Vitis Tutorials: AI Engine Development (XD100)

Document ID
XD100
Release Date
2024-12-06
Version
2024.2 English

Coding up the Hough Transform prototype yields additional insight into the design and a deeper understanding of its performance limitations. Indeed, as predicting, the histogram update code (shown below) illustrates the exact “read-modify-write” form anticipated from the start. It is difficult to identify any means to vectorize it and remove this performance bottleneck.

template <int COUNT_NUM>
  inline void update_countsA( TT_COUNT (&COUNTS)[COUNT_NUM],
                              aie::vector<TT_COUNT,16>& rho, aie::vector<TT_COUNT,8>& pixels )
  {
    COUNTS[rho[ 0]] += pixels[0];
    COUNTS[rho[ 1]] += pixels[0];
    COUNTS[rho[ 2]] += pixels[0];
    COUNTS[rho[ 3]] += pixels[0];
    COUNTS[rho[ 4]] += pixels[1];
    COUNTS[rho[ 5]] += pixels[1];
    COUNTS[rho[ 6]] += pixels[1];
    COUNTS[rho[ 7]] += pixels[1];
    COUNTS[rho[ 8]] += pixels[2];
    COUNTS[rho[ 9]] += pixels[2];
    COUNTS[rho[10]] += pixels[2];
    COUNTS[rho[11]] += pixels[2];
    COUNTS[rho[12]] += pixels[3];
    COUNTS[rho[13]] += pixels[3];
    COUNTS[rho[14]] += pixels[3];
    COUNTS[rho[15]] += pixels[3];
  }

The following diagram tabulates the profiling data generated by the compiler for the 32-tile Hough Transform prototype design when run on the $216\times 240$ image. The important conclusions are quite clear:

  • The update_countsA/B() routines require ~183 cycles each representing ~90% of the total cycles

  • The theta_compute() routine requires ~277,204 cycles representing ~10% of the total cycles, and equivalent to ~42 cycles per II (very close to the original spreadsheet estimate of 45)

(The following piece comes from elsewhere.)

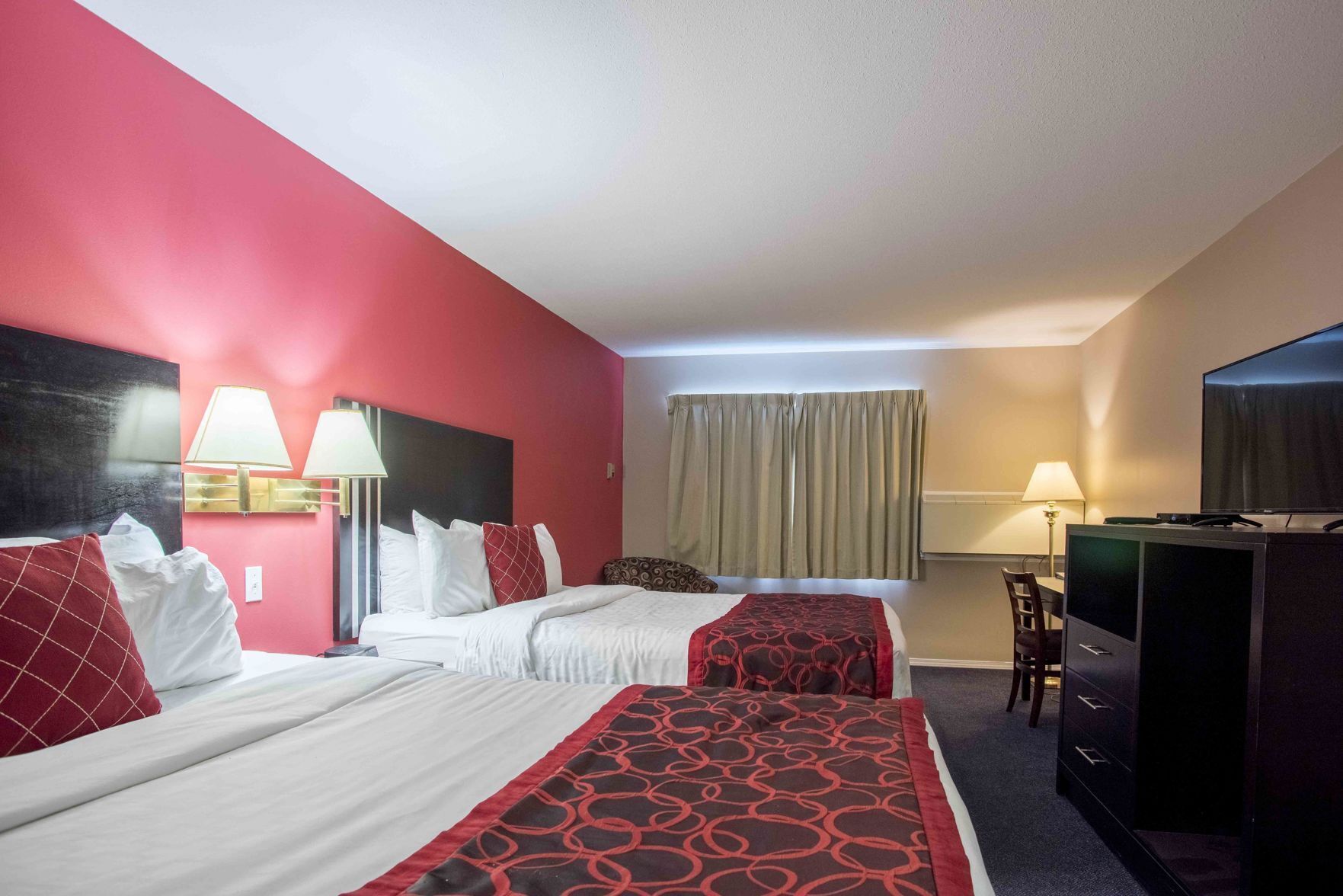 Desk, iron/ironing board, free WiFi, bed sheets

  • The overall throughput is $216\times 240/(0.8\times2,650,436) = ~24$ Mpps

From detailed prototyping, you have now quantified the throughput performance of the Hough Transform accurately, and these results might be used to revise the original spreadsheet estimates to produce accurate projections of how to achieve a 220 Mpps throughput target.

figure